EXERCISE AIM: Skip every picture, and copy exactly the lines from the one containing "Maasai Mara National" to the end of the data.

*** Opening of DATA SECTION ***

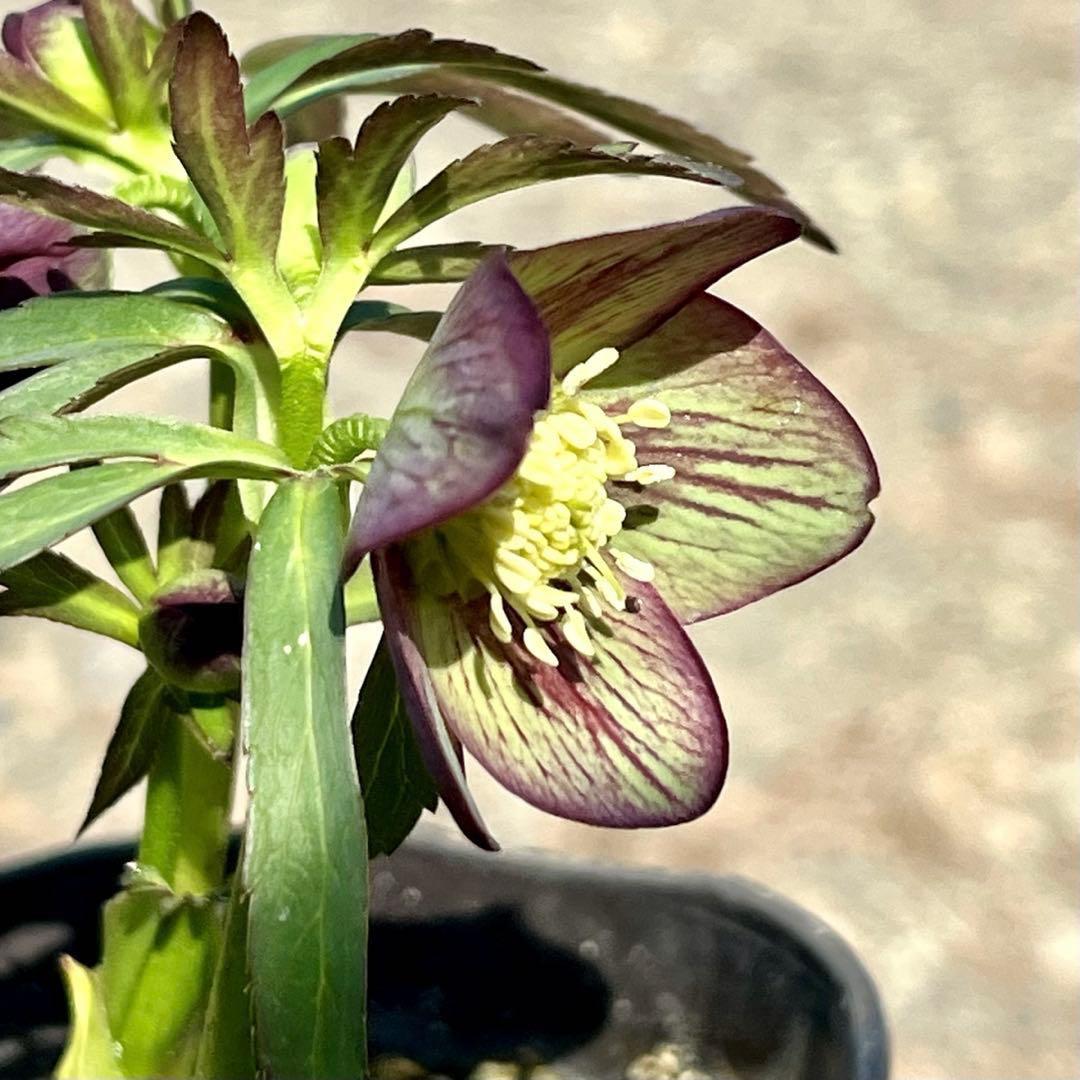 ボ*ト様 ❤️開花株❤️根充実❤️沢山新芽❤️3223⭐️極上⭐️原生地採取実生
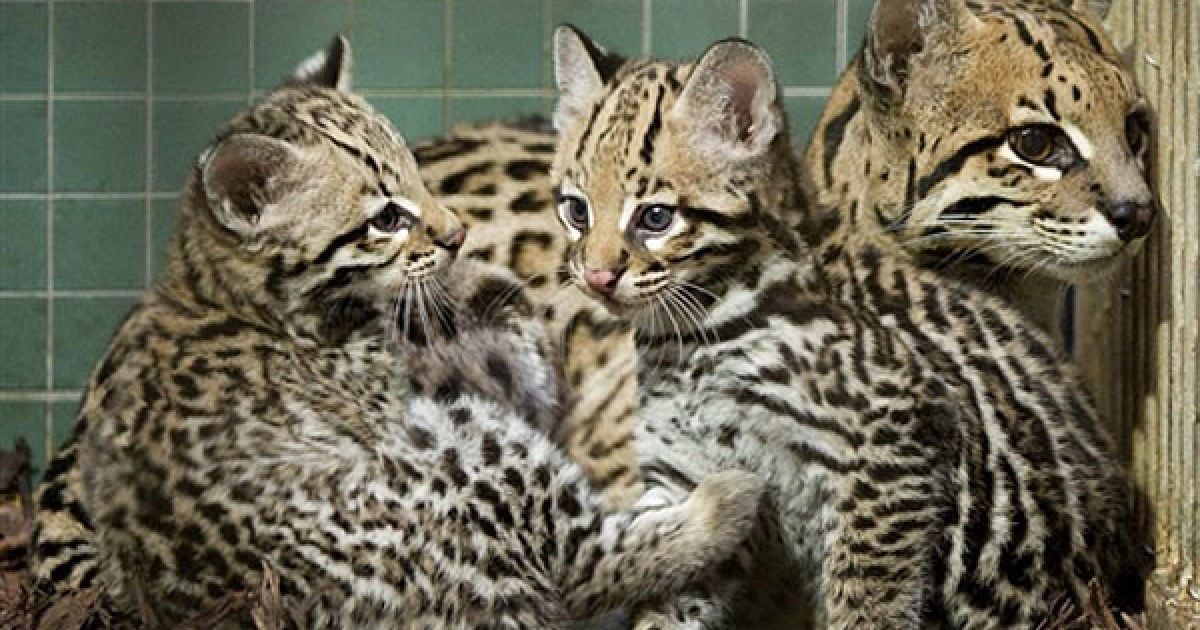 Німеччина, Берлін. Дитинчата оцелота (Leopardus pardalis), Вьєнто та Естрелла, сидять поруч зі своєю матір&rsquo;ю Сарою у вольєрі зоопарку Берліна. / © AFP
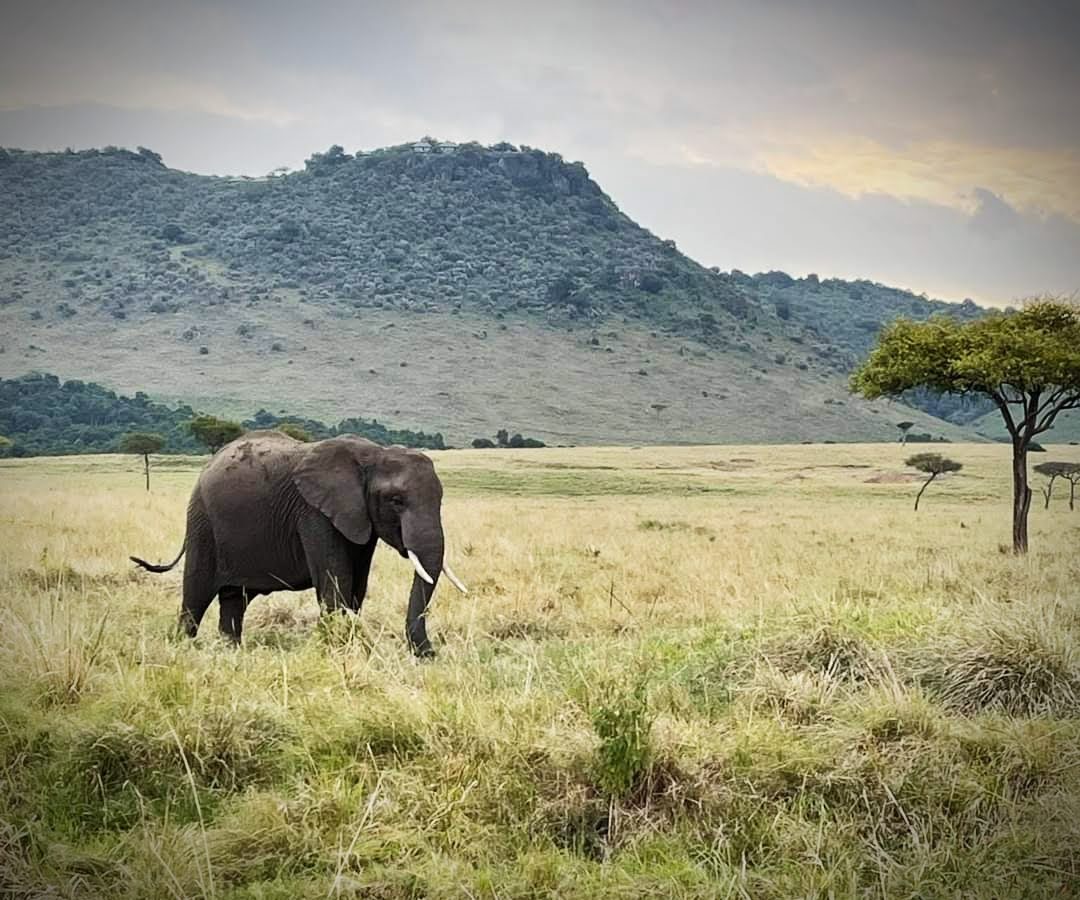 Maasai Mara National Reserve — tour operator in Kenya – photo 3
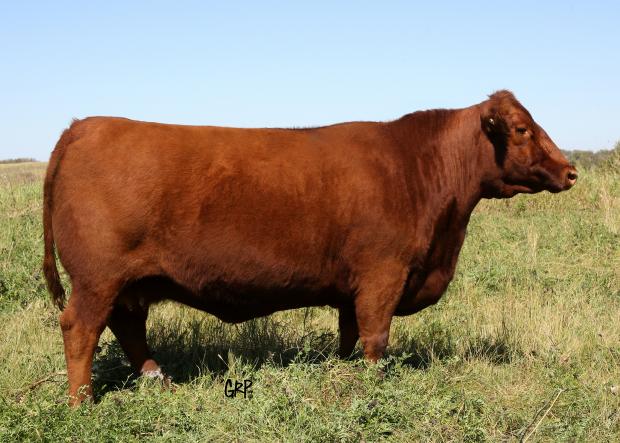 Red Bakers Faith 8L - Dam of Embryos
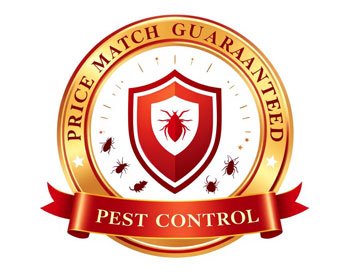 Affordable Pest Control Services in Canada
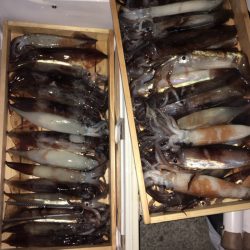 第二八坂丸 釣果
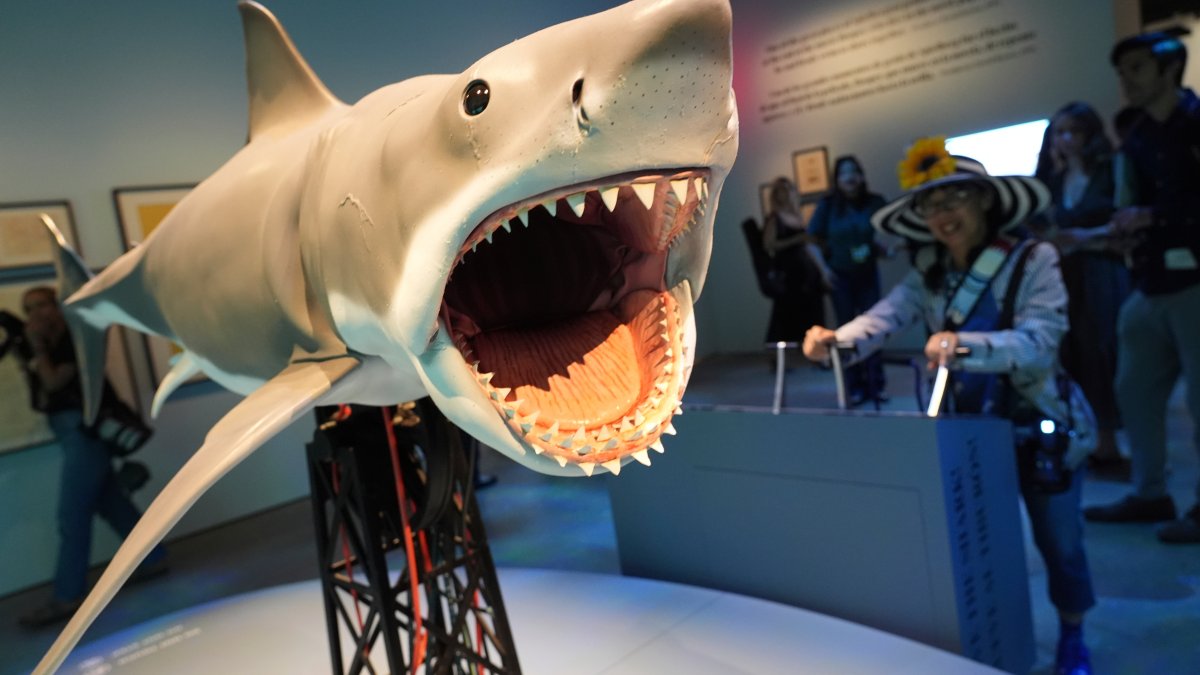 Steven Spielberg celebrates ‘Jaws’ exhibition at Academy Museum – NBC Los Angeles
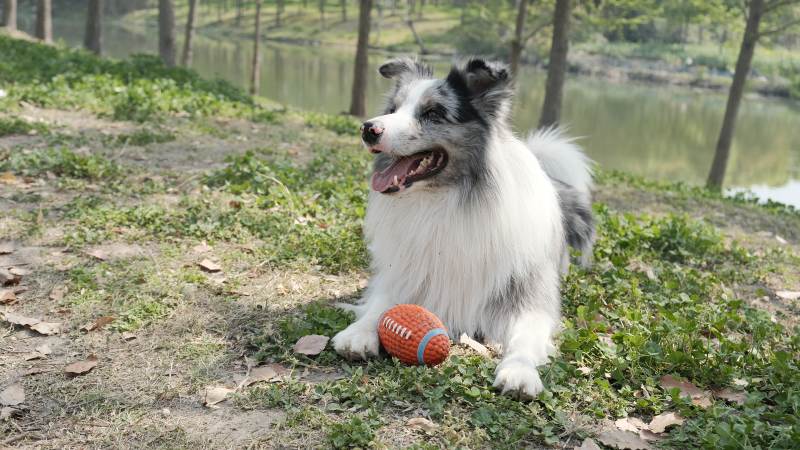 狗狗在河边的草地玩球图片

*** Close of DATA SECTION ***

TASK ANSWER:
 Maasai Mara National Reserve — tour operator in Kenya – photo 3
 Red Bakers Faith 8L - Dam of Embryos
 Affordable Pest Control Services in Canada
 第二八坂丸 釣果
 Steven Spielberg celebrates ‘Jaws’ exhibition at Academy Museum – NBC Los Angeles
 狗狗在河边的草地玩球图片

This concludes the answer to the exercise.